[Dataset — start]
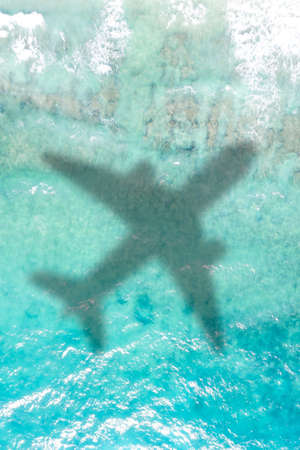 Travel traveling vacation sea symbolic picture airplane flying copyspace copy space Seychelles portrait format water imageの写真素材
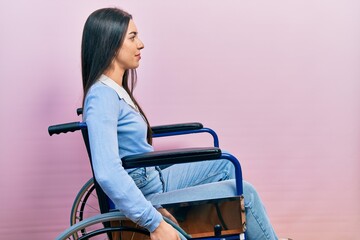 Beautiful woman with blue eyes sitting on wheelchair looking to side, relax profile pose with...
[Dataset — finish]
[Dataset — start]
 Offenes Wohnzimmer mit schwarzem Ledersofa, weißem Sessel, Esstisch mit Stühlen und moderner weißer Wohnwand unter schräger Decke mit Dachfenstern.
[Dataset — finish]
--- What you are asked to do ---
Only the lines between the one with "Travel traveling vacation" and the one with "Beautiful woman with", those two included, get copied from the material above. Keep it exact and free of pictures.

--- Answer ---
 Travel traveling vacation sea symbolic picture airplane flying copyspace copy space Seychelles portrait format water imageの写真素材
 Beautiful woman with blue eyes sitting on wheelchair looking to side, relax profile pose with...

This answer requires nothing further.